Problem to solve: All the lines below need to be transcribed exactly. Pictures get left out.
** Given information follows **
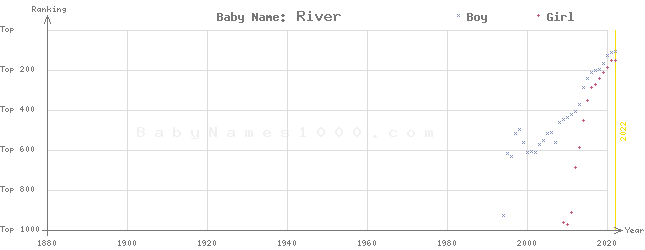 Baby Name Rankings of River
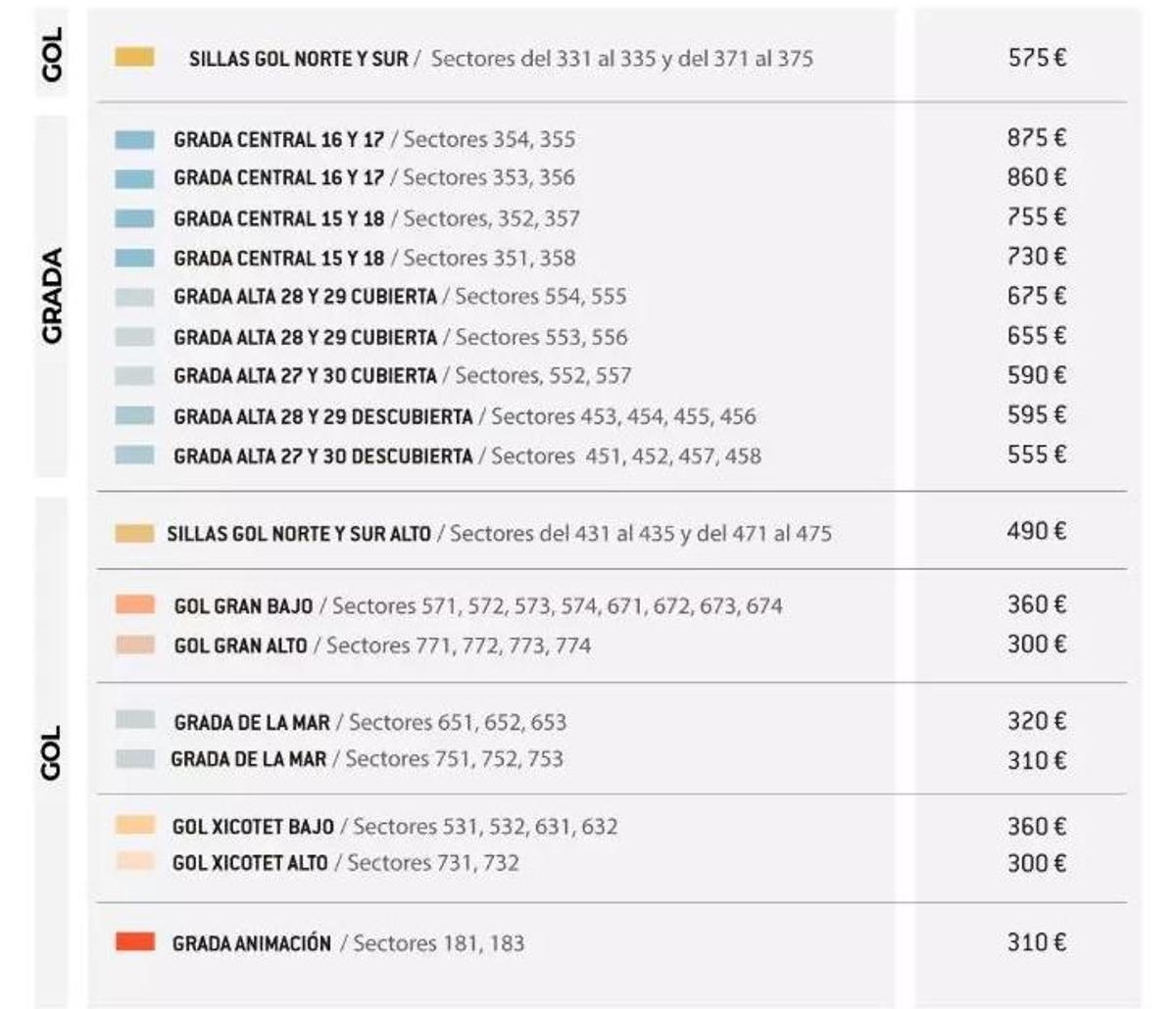 La campaña de abonos de la temporada pasada
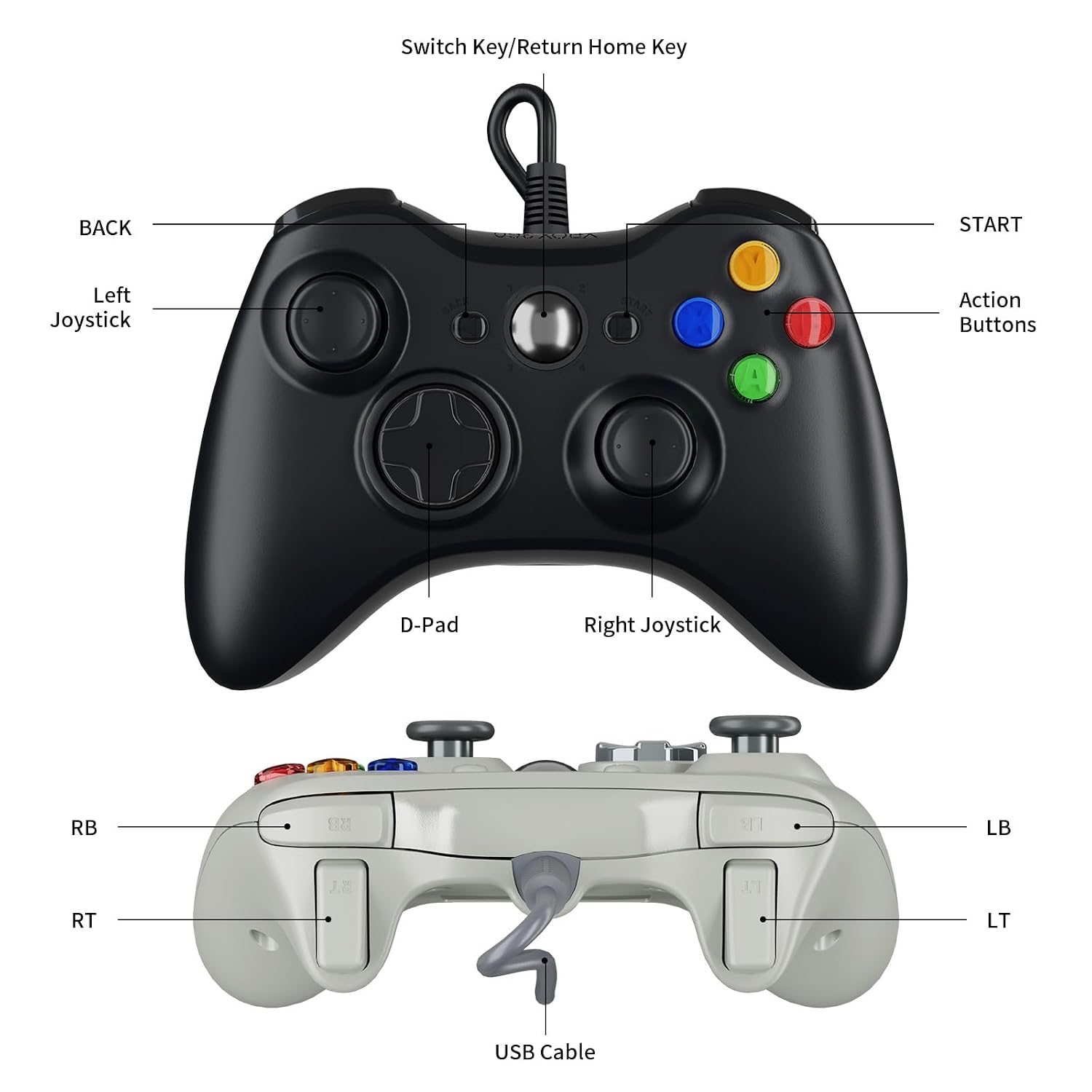 Detalle de Zamia 2 Pack Wired Controller for Xbox 360 with Upgraded Joysticks and Dual Vibration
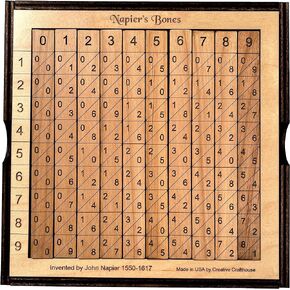 Creative Crafthouse Napiers Bones - Classic Math Calculator for Educators and Math Geeks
** End of Given information **
Solved exercise:
 Baby Name Rankings of River
 La campaña de abonos de la temporada pasada
 Detalle de Zamia 2 Pack Wired Controller for Xbox 360 with Upgraded Joysticks and Dual Vibration
 Creative Crafthouse Napiers Bones - Classic Math Calculator for Educators and Math Geeks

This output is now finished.